Kuzey Kıbrıs Türk Cumhuriyeti (KKTC) Cumhurbaşkanı Mustafa Akıncı'nın 'iki kardeş ülke' demesinde sakınca görmediğini vurgulayan CHP, Kıbrıs müzakerelerinin de KKTC'nin ilk Cumhurbaşkanı Rauf Denktaş çizgisinde yürümesi gerektiğini belirtiyor. MHP'ye göre Erdoğan ile Akıncı'nın basının önünde bu tür açıklamalar yapması yanlış, Akıncı da Kıbrıs meselesinde yeterli bilgiyi aldıktan sonra konuşmalı. KKTC Cumhurbaşkanı'na destek veren HDP ise, Akıncı'nın tutumunun genel politika ölçütü olması gerektiği görüşünde.

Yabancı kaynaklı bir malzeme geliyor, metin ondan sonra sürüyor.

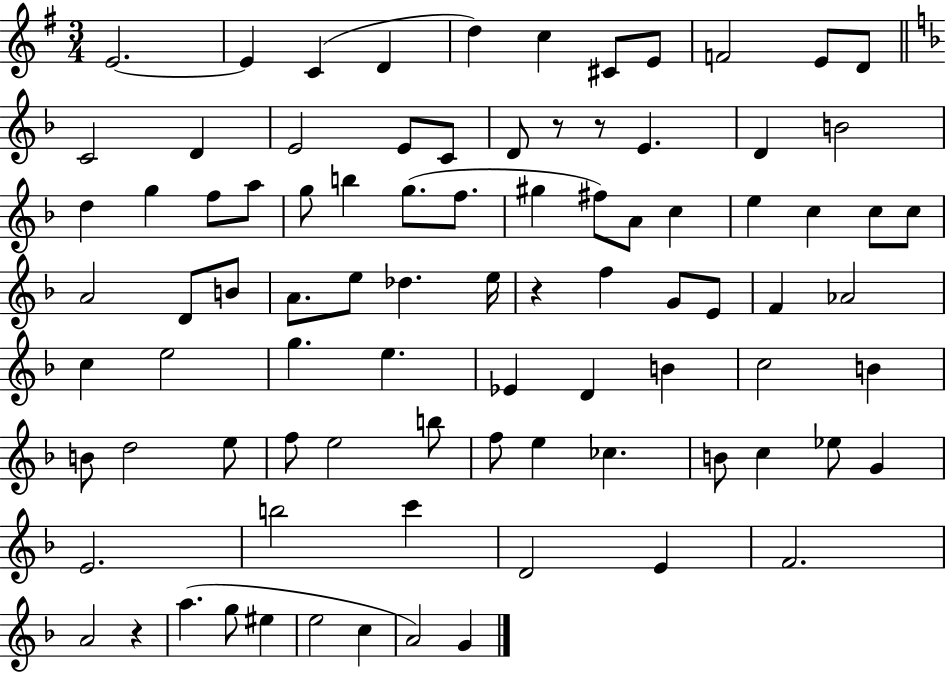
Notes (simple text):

E4/h. E4/q C4/q D4/q D5/q C5/q C#4/e E4/e F4/h E4/e D4/e C4/h D4/q E4/h E4/e C4/e D4/e R/e R/e E4/q. D4/q B4/h D5/q G5/q F5/e A5/e G5/e B5/q G5/e. F5/e. G#5/q F#5/e A4/e C5/q E5/q C5/q C5/e C5/e A4/h D4/e B4/e A4/e. E5/e Db5/q. E5/s R/q F5/q G4/e E4/e F4/q Ab4/h C5/q E5/h G5/q. E5/q. Eb4/q D4/q B4/q C5/h B4/q B4/e D5/h E5/e F5/e E5/h B5/e F5/e E5/q CES5/q. B4/e C5/q Eb5/e G4/q E4/h. B5/h C6/q D4/h E4/q F4/h. A4/h R/q A5/q. G5/e EIS5/q E5/h C5/q A4/h G4/q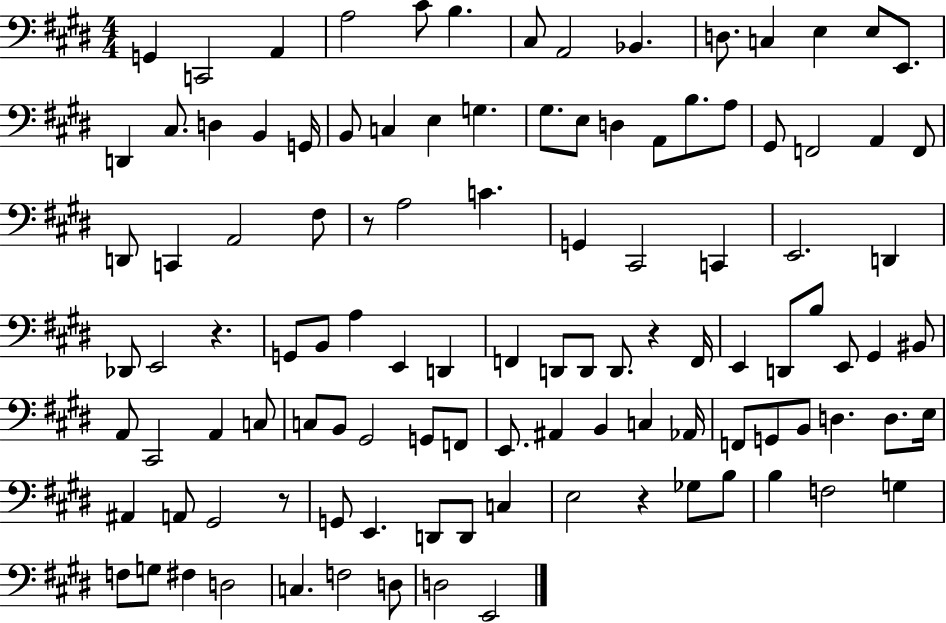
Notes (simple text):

G2/q C2/h A2/q A3/h C#4/e B3/q. C#3/e A2/h Bb2/q. D3/e. C3/q E3/q E3/e E2/e. D2/q C#3/e. D3/q B2/q G2/s B2/e C3/q E3/q G3/q. G#3/e. E3/e D3/q A2/e B3/e. A3/e G#2/e F2/h A2/q F2/e D2/e C2/q A2/h F#3/e R/e A3/h C4/q. G2/q C#2/h C2/q E2/h. D2/q Db2/e E2/h R/q. G2/e B2/e A3/q E2/q D2/q F2/q D2/e D2/e D2/e. R/q F2/s E2/q D2/e B3/e E2/e G#2/q BIS2/e A2/e C#2/h A2/q C3/e C3/e B2/e G#2/h G2/e F2/e E2/e. A#2/q B2/q C3/q Ab2/s F2/e G2/e B2/e D3/q. D3/e. E3/s A#2/q A2/e G#2/h R/e G2/e E2/q. D2/e D2/e C3/q E3/h R/q Gb3/e B3/e B3/q F3/h G3/q F3/e G3/e F#3/q D3/h C3/q. F3/h D3/e D3/h E2/h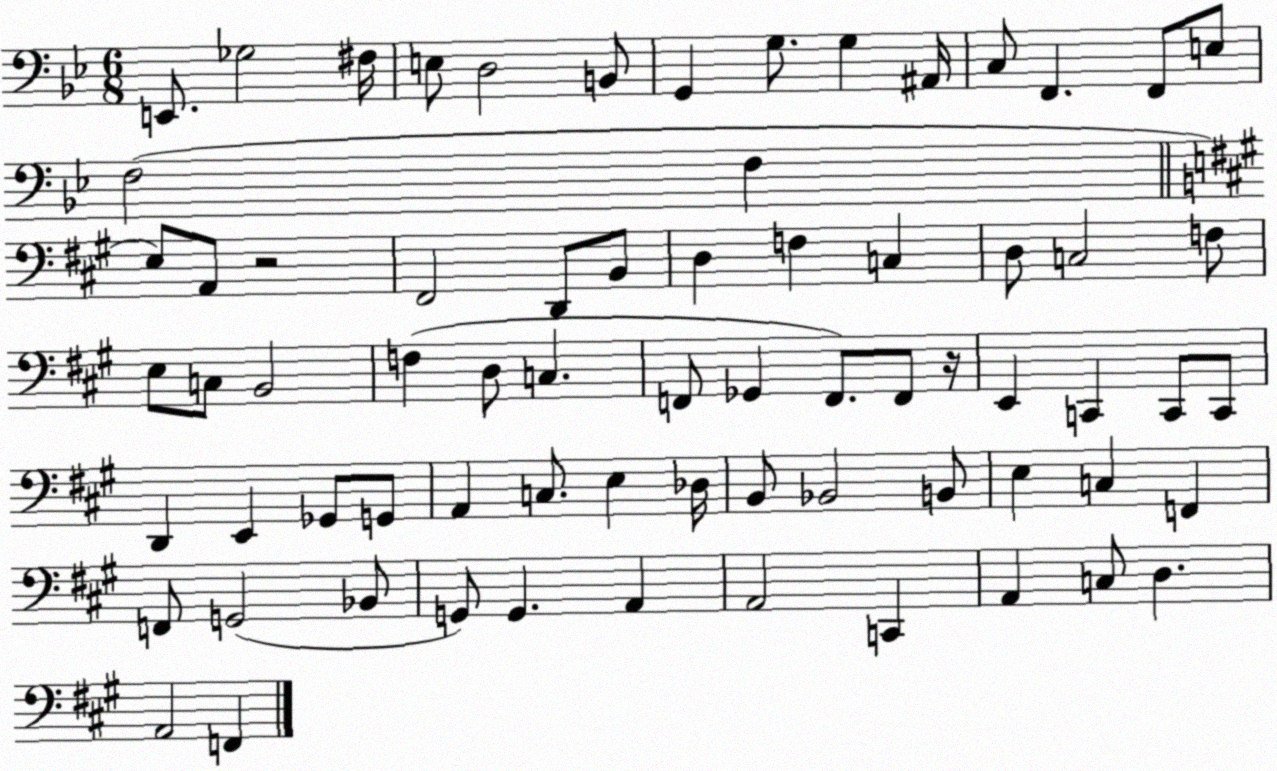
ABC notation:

X:1
T:Untitled
M:6/8
L:1/4
K:Bb
E,,/2 _G,2 ^F,/4 E,/2 D,2 B,,/2 G,, G,/2 G, ^A,,/4 C,/2 F,, F,,/2 E,/2 F,2 F, E,/2 A,,/2 z2 ^F,,2 D,,/2 B,,/2 D, F, C, D,/2 C,2 F,/2 E,/2 C,/2 B,,2 F, D,/2 C, F,,/2 _G,, F,,/2 F,,/2 z/4 E,, C,, C,,/2 C,,/2 D,, E,, _G,,/2 G,,/2 A,, C,/2 E, _D,/4 B,,/2 _B,,2 B,,/2 E, C, F,, F,,/2 G,,2 _B,,/2 G,,/2 G,, A,, A,,2 C,, A,, C,/2 D, A,,2 F,,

CHP: 'İKİ KARDEŞ ÜLKE' DENİLMESİNDE SAKINCA YOK
MÜZAKERELER DENKTAŞ ÇİZGİSİNDE YÜRÜMELİ
Mustafa Akıncı'nın KKTC Cumhurbaşkanı seçilmesinin Kıbrıs müzakerelerin nasıl etkileyeceğine ilişkin soru üzerine de CHP'li Hamzaçebi, şunları söyledi:
"Türkiye'nin Kıbrıs'taki duruşu belidir. Sayın Erdoğan'ın başbakanlığının ilk dönemlerinde bu duruştan bir sapma olduysa da, şu anda Türkiye tarihsel çizgisini korumaktadır. İki devletli bir federasyon. Türkiye'nin tarihsel duruşu budur. Bu çerçevede çözüme ulaşacak bir politika yürütür diye düşünüyorum. Büyük devlet adamı Rauf Denktaş'ın ortaya koymuş olduğu tarihsel çizgiye, Kıbrıslı Türklerin sahip çıkması gerekir."

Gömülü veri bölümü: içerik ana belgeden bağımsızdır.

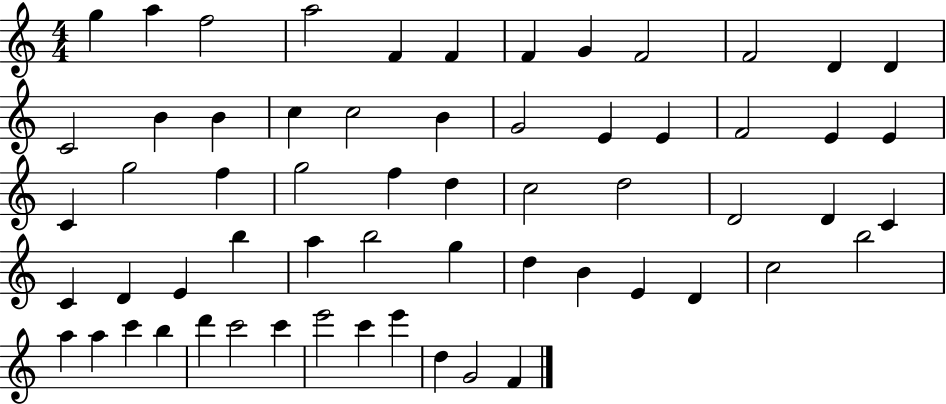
X:1
T:Untitled
M:4/4
L:1/4
K:C
g a f2 a2 F F F G F2 F2 D D C2 B B c c2 B G2 E E F2 E E C g2 f g2 f d c2 d2 D2 D C C D E b a b2 g d B E D c2 b2 a a c' b d' c'2 c' e'2 c' e' d G2 F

MHP: HER İKİ AÇIKLAMA DA YANLIŞ
"KKTC'de Cumhurbaşkanı seçilen kişiler bugüne kadar Türkiye ile belli bir diyalog içerisinde politikalarının yürütmüşlerdir. Keza aynı şekilde hükümetler. Güney Kıbrıs Rum kesimi de Yunanistan ile aynı şekilde yol almıştır. Yeni Cumhurbaşkanı'nın Türkiye ve Kıbrıs ile ilgili sözleri şimdiye kadar alışılagelmiş Kıbrıs politikalarının dışında bir görüntü veriyor. Haliyle polemik de buradan kaynaklanıyor. Bu güzel bir şey değil. Zira Türkiye olmadan KKTC'nin ayakta kalması mümkün değil. Güney Kıbrıs ile tamamen bütünleşecek bir Kıbrıs da Türkiye'nin güney güvenliği açısından uygun değil. Dolayısıyla gerek hükümetin, gerekse KKTC Cumhurbaşkanı'nın çok dikkatli politikalar yürütmesi gerekiyor. Kamuoyu ve basın önünde bu tür polemiklere girmemeleri gerekir. Aralarında bir konuşma geçecekse bunu karşılıklı ziyaretlerle yapmaları daha doğru olur."
'AKINCI YETERLİ BİLGİYİ ALDIKTAN SONRA KONUŞMALI'
Halaçoğlu, KKTC'de yeni Cumhurbaşkanı olmuş birinin yeterli bilgiyi aldıktan sonra demeçlerini geniş çerçevede vermesi gerektiğini vurgularken, Türkiye'nin de hemen kızmaya ve tavır almaya hakkının olmadığını düşündüğünü söyledi. Halaçoğlu, Türkiye'nin daha olgun daha ağırbaşlı bir politika yürüterek, aradaki ipleri koparmak yerine o ipleri sağlamlaştıracak e bir siyaset takip etmesi gerektiğini kaydetti.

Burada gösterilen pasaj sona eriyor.